__Data shown__:
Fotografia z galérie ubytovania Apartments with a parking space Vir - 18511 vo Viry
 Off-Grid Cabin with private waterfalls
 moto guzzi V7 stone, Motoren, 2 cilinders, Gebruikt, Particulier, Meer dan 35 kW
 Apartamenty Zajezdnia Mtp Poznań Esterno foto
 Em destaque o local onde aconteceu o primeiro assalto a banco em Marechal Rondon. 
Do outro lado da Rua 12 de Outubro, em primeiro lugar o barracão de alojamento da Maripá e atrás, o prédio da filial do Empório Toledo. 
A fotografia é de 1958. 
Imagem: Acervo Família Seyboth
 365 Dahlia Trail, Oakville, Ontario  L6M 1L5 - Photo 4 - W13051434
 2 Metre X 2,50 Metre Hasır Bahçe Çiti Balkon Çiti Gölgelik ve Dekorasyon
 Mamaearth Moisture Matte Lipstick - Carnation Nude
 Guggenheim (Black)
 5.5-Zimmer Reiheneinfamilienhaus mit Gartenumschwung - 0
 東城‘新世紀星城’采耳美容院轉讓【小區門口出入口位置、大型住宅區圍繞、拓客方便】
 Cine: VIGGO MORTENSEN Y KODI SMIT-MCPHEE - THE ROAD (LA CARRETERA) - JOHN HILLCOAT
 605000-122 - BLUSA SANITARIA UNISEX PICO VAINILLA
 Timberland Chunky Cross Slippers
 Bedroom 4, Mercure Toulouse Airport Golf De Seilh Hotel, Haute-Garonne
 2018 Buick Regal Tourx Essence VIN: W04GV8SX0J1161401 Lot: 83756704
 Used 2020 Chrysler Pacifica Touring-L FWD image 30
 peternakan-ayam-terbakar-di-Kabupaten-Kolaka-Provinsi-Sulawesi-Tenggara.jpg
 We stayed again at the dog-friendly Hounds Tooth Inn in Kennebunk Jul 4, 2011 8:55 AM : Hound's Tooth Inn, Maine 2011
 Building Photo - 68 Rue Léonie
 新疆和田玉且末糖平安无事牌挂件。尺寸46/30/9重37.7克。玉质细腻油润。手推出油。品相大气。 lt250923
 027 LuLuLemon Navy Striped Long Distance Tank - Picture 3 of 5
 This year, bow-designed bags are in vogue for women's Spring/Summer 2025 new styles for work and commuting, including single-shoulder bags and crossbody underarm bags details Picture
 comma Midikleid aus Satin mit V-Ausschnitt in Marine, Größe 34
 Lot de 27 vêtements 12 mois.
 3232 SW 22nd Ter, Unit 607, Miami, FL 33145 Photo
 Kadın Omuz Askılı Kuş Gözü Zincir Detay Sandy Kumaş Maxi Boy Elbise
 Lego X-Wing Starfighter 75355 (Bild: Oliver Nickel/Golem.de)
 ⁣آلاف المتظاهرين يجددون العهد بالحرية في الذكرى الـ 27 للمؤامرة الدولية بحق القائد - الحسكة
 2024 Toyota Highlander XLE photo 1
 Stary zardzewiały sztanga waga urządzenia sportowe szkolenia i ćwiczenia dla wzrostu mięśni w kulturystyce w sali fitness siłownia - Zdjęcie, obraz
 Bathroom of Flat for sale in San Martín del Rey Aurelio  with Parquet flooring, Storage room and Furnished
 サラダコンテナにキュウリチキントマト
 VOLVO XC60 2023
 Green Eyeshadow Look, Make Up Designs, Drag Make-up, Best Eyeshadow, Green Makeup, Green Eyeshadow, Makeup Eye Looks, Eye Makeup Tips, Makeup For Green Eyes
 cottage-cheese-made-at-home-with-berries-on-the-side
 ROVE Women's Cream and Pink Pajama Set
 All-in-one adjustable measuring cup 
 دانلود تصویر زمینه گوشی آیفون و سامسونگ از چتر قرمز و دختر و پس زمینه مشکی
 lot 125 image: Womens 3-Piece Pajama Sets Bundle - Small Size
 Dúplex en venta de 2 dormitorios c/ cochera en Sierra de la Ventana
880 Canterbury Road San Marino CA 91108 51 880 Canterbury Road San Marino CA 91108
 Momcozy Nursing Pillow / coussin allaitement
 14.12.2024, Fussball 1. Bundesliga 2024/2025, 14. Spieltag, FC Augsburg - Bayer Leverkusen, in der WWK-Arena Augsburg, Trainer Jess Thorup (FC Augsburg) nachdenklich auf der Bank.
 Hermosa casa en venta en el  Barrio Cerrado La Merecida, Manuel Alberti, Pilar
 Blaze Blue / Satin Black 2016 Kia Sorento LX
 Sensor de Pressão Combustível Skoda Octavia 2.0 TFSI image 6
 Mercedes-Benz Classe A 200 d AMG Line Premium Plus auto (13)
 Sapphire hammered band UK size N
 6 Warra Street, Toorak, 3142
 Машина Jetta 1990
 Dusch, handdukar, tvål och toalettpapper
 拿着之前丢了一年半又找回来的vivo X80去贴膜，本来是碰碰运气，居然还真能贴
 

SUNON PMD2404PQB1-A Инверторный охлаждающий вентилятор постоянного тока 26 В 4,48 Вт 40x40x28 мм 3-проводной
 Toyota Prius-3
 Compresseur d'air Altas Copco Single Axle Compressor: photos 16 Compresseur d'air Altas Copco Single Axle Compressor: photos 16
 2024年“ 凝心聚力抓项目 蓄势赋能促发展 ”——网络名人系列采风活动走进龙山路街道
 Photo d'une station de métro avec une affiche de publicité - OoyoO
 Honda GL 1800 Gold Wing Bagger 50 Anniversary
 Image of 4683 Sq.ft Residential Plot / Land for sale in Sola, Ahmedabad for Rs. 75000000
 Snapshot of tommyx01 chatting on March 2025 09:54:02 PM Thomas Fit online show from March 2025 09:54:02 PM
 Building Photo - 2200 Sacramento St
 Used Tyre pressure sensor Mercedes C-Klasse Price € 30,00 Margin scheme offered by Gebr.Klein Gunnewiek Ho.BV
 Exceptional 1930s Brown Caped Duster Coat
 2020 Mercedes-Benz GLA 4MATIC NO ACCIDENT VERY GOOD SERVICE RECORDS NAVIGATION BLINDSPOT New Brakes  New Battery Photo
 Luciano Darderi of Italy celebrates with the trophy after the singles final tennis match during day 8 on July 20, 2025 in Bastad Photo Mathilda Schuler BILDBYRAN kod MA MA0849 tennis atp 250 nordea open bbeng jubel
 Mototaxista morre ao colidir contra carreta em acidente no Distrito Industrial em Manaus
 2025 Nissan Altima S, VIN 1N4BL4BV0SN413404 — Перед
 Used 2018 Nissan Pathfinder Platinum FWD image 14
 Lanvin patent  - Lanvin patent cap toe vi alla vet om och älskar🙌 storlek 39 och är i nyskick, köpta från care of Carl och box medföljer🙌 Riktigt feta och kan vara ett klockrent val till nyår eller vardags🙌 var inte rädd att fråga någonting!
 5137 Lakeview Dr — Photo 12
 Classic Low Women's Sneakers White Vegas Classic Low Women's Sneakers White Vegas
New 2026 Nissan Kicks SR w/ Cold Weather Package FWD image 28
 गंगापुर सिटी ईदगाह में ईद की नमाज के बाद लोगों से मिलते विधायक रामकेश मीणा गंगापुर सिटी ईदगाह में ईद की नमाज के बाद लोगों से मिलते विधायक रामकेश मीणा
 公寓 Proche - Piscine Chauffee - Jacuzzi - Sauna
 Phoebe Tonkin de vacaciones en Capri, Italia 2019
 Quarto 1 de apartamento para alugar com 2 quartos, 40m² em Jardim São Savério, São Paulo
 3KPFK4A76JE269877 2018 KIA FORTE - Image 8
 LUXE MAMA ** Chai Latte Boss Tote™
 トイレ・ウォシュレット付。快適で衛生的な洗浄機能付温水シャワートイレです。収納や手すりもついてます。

__What to produce__: Please give an exact restatement of only the lines from the beginning of the material above to the line with "Bedroom 4, Mercure", inclusive.

__Answer for the task__:
Fotografia z galérie ubytovania Apartments with a parking space Vir - 18511 vo Viry
 Off-Grid Cabin with private waterfalls
 moto guzzi V7 stone, Motoren, 2 cilinders, Gebruikt, Particulier, Meer dan 35 kW
 Apartamenty Zajezdnia Mtp Poznań Esterno foto
 Em destaque o local onde aconteceu o primeiro assalto a banco em Marechal Rondon. 
Do outro lado da Rua 12 de Outubro, em primeiro lugar o barracão de alojamento da Maripá e atrás, o prédio da filial do Empório Toledo. 
A fotografia é de 1958. 
Imagem: Acervo Família Seyboth
 365 Dahlia Trail, Oakville, Ontario  L6M 1L5 - Photo 4 - W13051434
 2 Metre X 2,50 Metre Hasır Bahçe Çiti Balkon Çiti Gölgelik ve Dekorasyon
 Mamaearth Moisture Matte Lipstick - Carnation Nude
 Guggenheim (Black)
 5.5-Zimmer Reiheneinfamilienhaus mit Gartenumschwung - 0
 東城‘新世紀星城’采耳美容院轉讓【小區門口出入口位置、大型住宅區圍繞、拓客方便】
 Cine: VIGGO MORTENSEN Y KODI SMIT-MCPHEE - THE ROAD (LA CARRETERA) - JOHN HILLCOAT
 605000-122 - BLUSA SANITARIA UNISEX PICO VAINILLA
 Timberland Chunky Cross Slippers
 Bedroom 4, Mercure Toulouse Airport Golf De Seilh Hotel, Haute-Garonne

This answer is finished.